Problem details = Transcribe all of the records word for word, please, omitting the pictures.

* * *

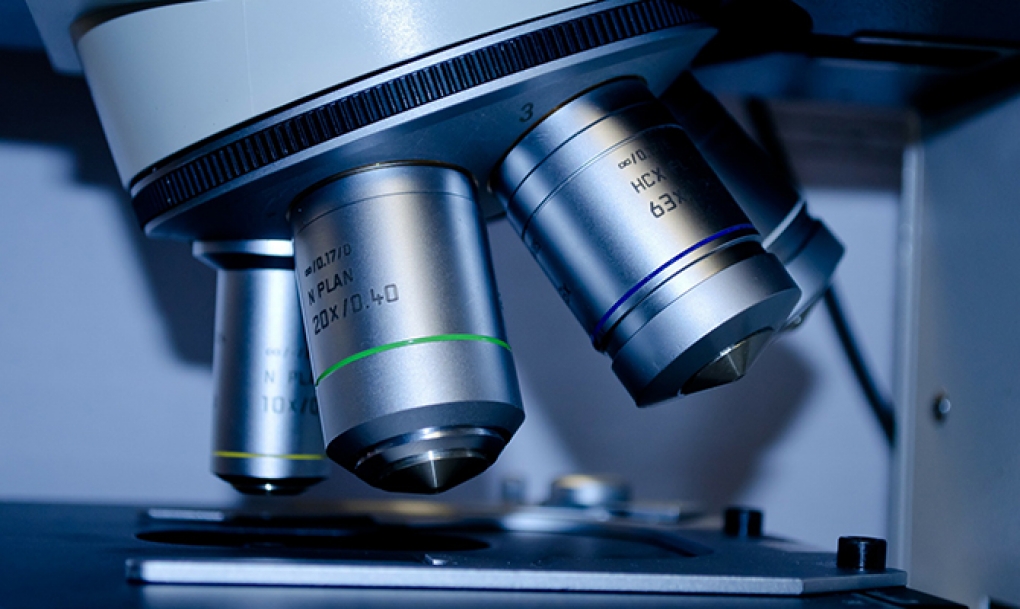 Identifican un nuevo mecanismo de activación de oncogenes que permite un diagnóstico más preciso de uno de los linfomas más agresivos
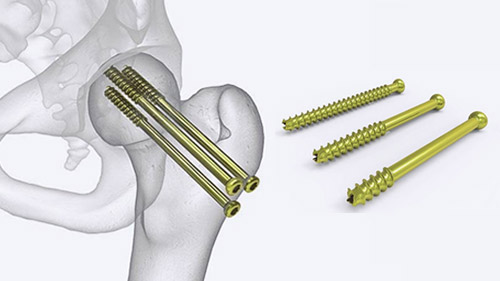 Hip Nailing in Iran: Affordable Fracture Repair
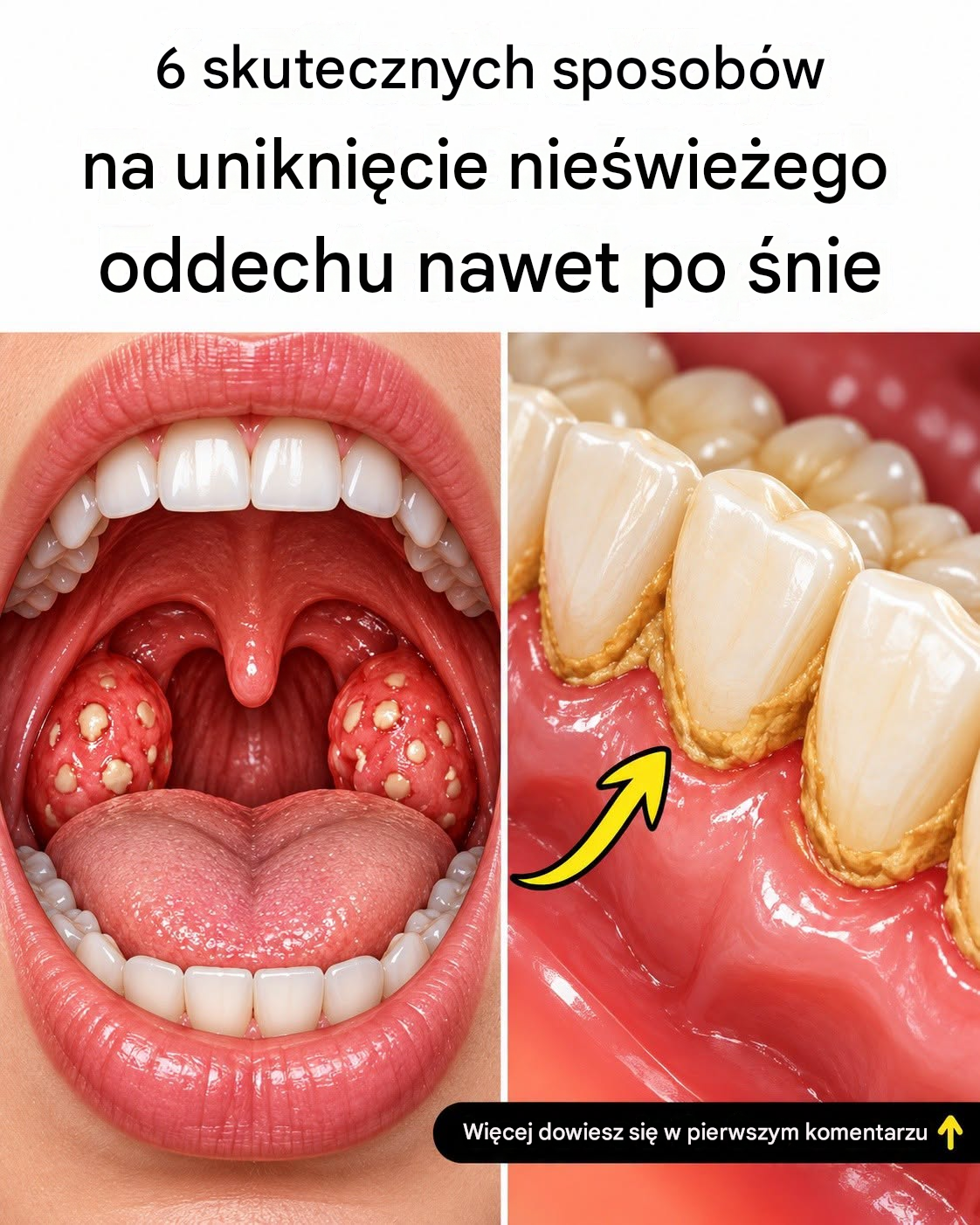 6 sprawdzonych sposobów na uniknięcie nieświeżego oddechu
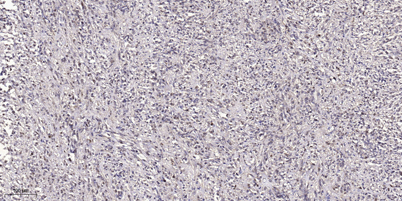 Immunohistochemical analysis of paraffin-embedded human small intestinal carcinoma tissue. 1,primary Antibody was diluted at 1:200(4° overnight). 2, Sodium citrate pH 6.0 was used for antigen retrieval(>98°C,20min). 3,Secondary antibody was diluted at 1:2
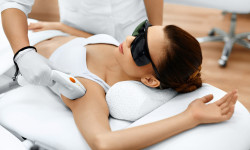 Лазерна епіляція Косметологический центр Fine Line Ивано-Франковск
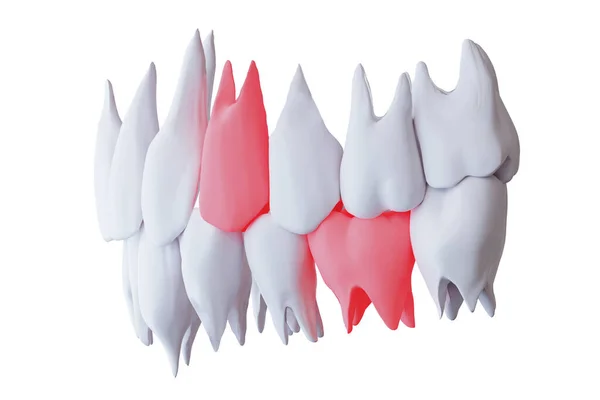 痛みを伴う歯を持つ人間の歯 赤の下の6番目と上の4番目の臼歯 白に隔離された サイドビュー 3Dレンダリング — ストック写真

* * *

Answer below =
 Identifican un nuevo mecanismo de activación de oncogenes que permite un diagnóstico más preciso de uno de los linfomas más agresivos
 Hip Nailing in Iran: Affordable Fracture Repair
 6 sprawdzonych sposobów na uniknięcie nieświeżego oddechu
 Immunohistochemical analysis of paraffin-embedded human small intestinal carcinoma tissue. 1,primary Antibody was diluted at 1:200(4° overnight). 2, Sodium citrate pH 6.0 was used for antigen retrieval(>98°C,20min). 3,Secondary antibody was diluted at 1:2
 Лазерна епіляція Косметологический центр Fine Line Ивано-Франковск
 痛みを伴う歯を持つ人間の歯 赤の下の6番目と上の4番目の臼歯 白に隔離された サイドビュー 3Dレンダリング — ストック写真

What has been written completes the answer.